2

I have a python program launching a batch job. The job outputs a json file, I'd like to know what is the easiest way to get this result back to the python program that launched it.

So far I thought of these solutions:

  • Upload the json file to S3 (pretty heavy)

  • Display it in the pod logs then read the logs from the python program (pretty hacky/dirty)

  • Mount a PVC, launch a second pod with the same PVC, and create a shared disk between this pod and the job (pretty overkill)

The json file is pretty lightweight. Isn't there a solution to do something like adding some metadata to the pod when the job completes?
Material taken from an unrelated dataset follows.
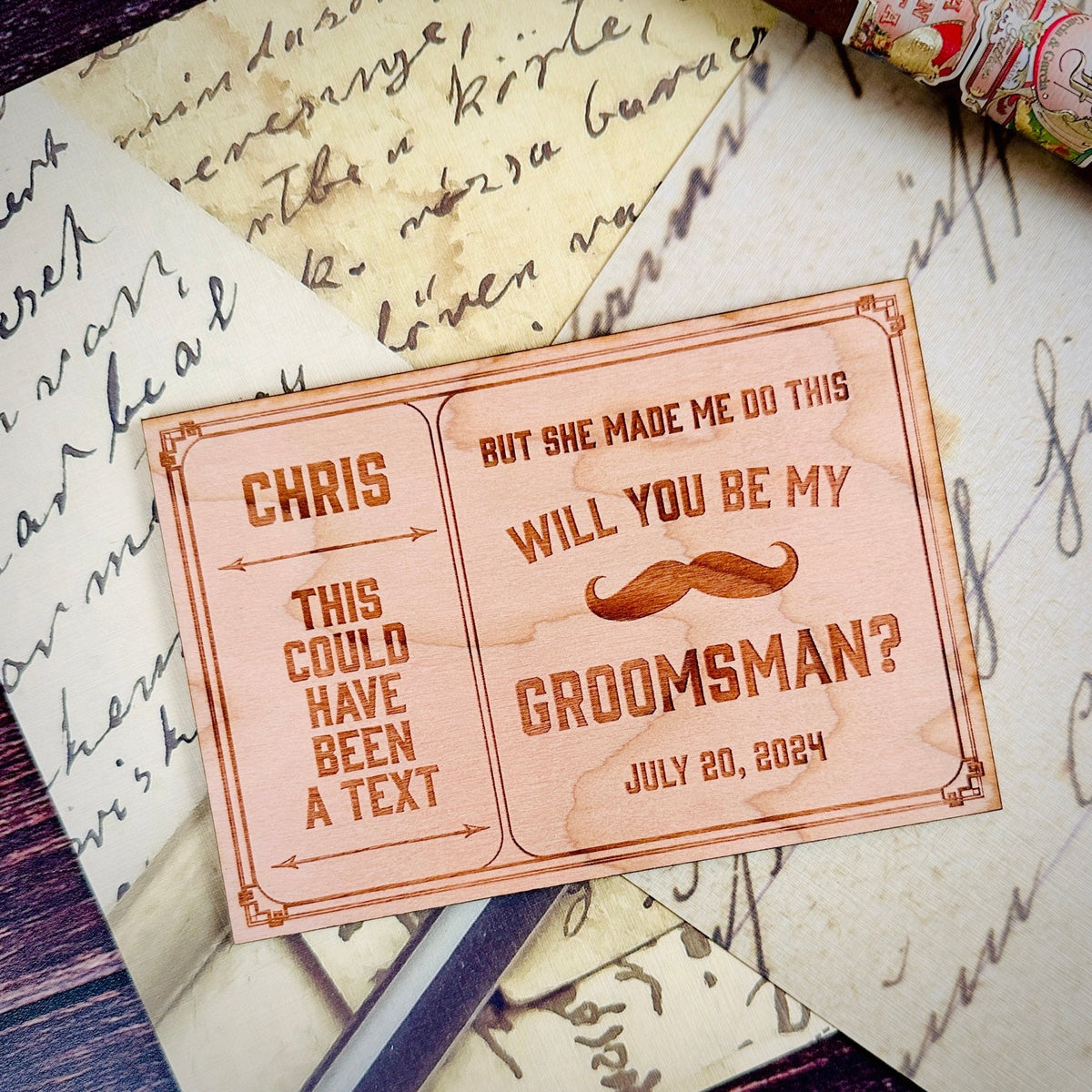 Timber Text Invite - Groovy Groomsmen Gifts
The python program can then just poll those metadata.

E-Kami
  • 2,529
  • 5
  • 30
  • 50
  • Allow outbound traffic to the batch job and save the JSON to a NoSQL database like DynamoDB or MongoDB? – Tom McLean Nov 04 '22 at 08:07
  • That's also pretty heavy imo, I would like my initial python program to do that job instead of the job – E-Kami Nov 04 '22 at 16:35

1 Answers1

1

An easy way not involving any other databases/pods is to run the first pod as an init container, mount a volume that is shared in both containers and use the JSON file in the next python program. (Also, this approach does not need a persistent volume, just a shared one), see this example:

https://kubernetes.io/docs/tasks/access-application-cluster/communicate-containers-same-pod-shared-volume/

Also, depending on the complexity of these jobs, would recommend taking a look at Argo workflows or any dag-related job schedulers.

paltaa
  • 2,985
  • 13
  • 28